Les deux types de véhicules légers sont les véhicules blindés légers (VBL), qui ont été surblindés, et les véhicules de l’avant blindé (VAB) qui ont été revalorisés et surblindés. En outre, nous remplaçons sur 60 VAB les tourelleaux anciens qui forcent à une exposition du servant de l’arme, par des tourelleaux téléopérés depuis l’intérieur du véhicule.

Par ailleurs, la logistique du bataillon déployé dans la Kapisa a été réalisée par de petites équipes intégrées sous VAB. D’autres véhicules équipent nos forces en Afghanistan, comme des camions blindés. De plus, des kits de blindage jouant le rôle de « peau blindée » sont utilisés pour recouvrir les parties où se trouvent les équipages de ces camions.

Aujourd’hui, il n’y a pas de véhicule s’engageant à l’extérieur d’une base avancée FOB (Forward Operating Base), qui n’ait été revalorisé en matière de protection balistique.

Par ailleurs, il faut distinguer les dispositifs de protection passifs (blindage par plaques) et les protections actives (par brouilleur). L’armée de terre détient 356 brouilleurs pour les VAB plus 90 pour les VBL, dont respectivement 325 et 74 sont opérationnels. La différence s’explique par la nécessité de recalage mensuel, avec achats de filtres, destinés à assurer une compatibilité avec l’utilisation des postes radio.

M. Louis Giscard d’Estaing, Rapporteur. Quelles sont les incidences des principaux programmes d’urgence en termes budgétaires et par rapport aux besoins ? Je vise en particulier les chenillettes déployées dans les zones montagneuses afghanes et qui avaient été demandées par le précédent chef d’état-major de l’armée de terre, sans réponse positive de l’état-major des armées. Je pense également aux matériels roulants blindés et protégés contre les mines (Buffalo et Aravis).
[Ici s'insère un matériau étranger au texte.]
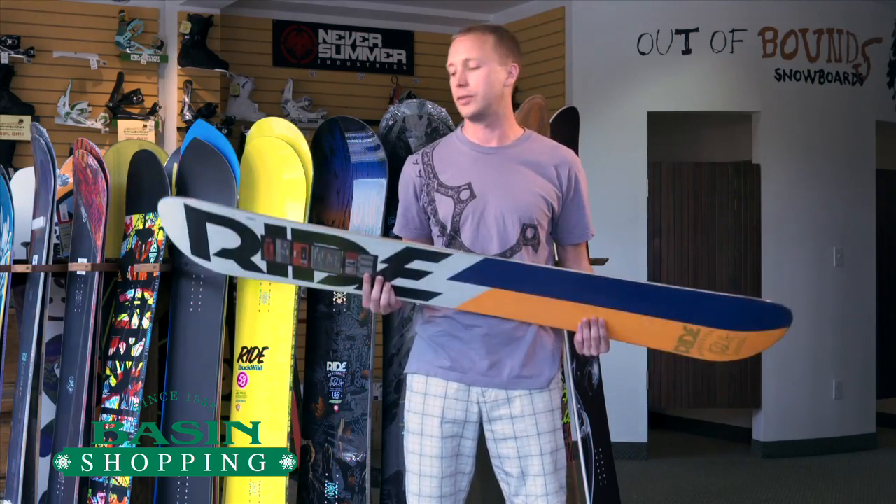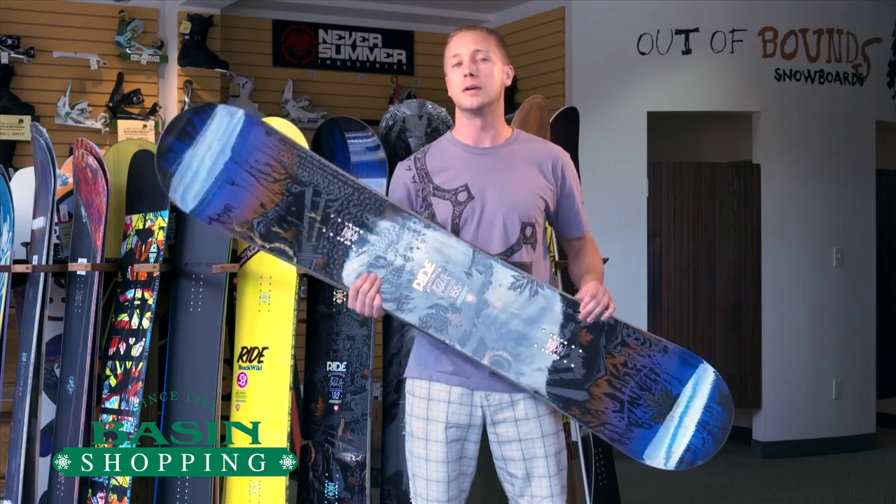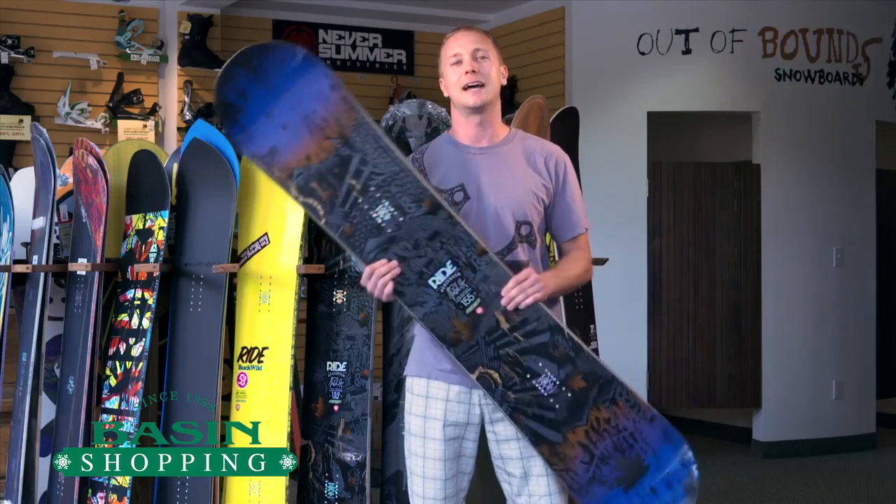If you're the guy that's gonna take some chances out there but looking for a board that's gonna be stable on the steeps, this board is gonna be for you. If you have any other questions, feel free to contact us.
M. le général Bertrand Clément-Bollée. On peut certes s’interroger sur la raison d’être d’une phase d’acquisition alors que nous sommes en intervention… Il ne s’agit pas d’une carence d’anticipation, même si les programmes d’armement sont longs à mettre en œuvre. La raison en est que l’environnement change. La plupart de nos matériels ont été conçus pendant la période du Pacte de Varsovie où il fallait faire face à une menace statique de 45 000 chars placés derrière la frontière, avec la perspective d’une intervention limitée à huit jours. Or les opérations actuelles durent. Elles sont déployées dans des théâtres où les menaces sont moindres mais où l’adversaire utilise des moyens de contournement de puissance sur nos vulnérabilités, par voie médiatique ou en agissant sur le moral. Nos matériels se retrouvent inadaptés aux problèmes de l’engagement actuel, par exemple en Afghanistan, et au contexte de cet engagement, avec les besoins d’interopérabilité multinationale. Ils doivent donc être améliorés. C’est le cas de l’achat en 2008 de 50 PRC117, petits appareils radio qui permettent de communiquer avec les avions de l’Alliance, pour un coût global de 4 millions d’euros.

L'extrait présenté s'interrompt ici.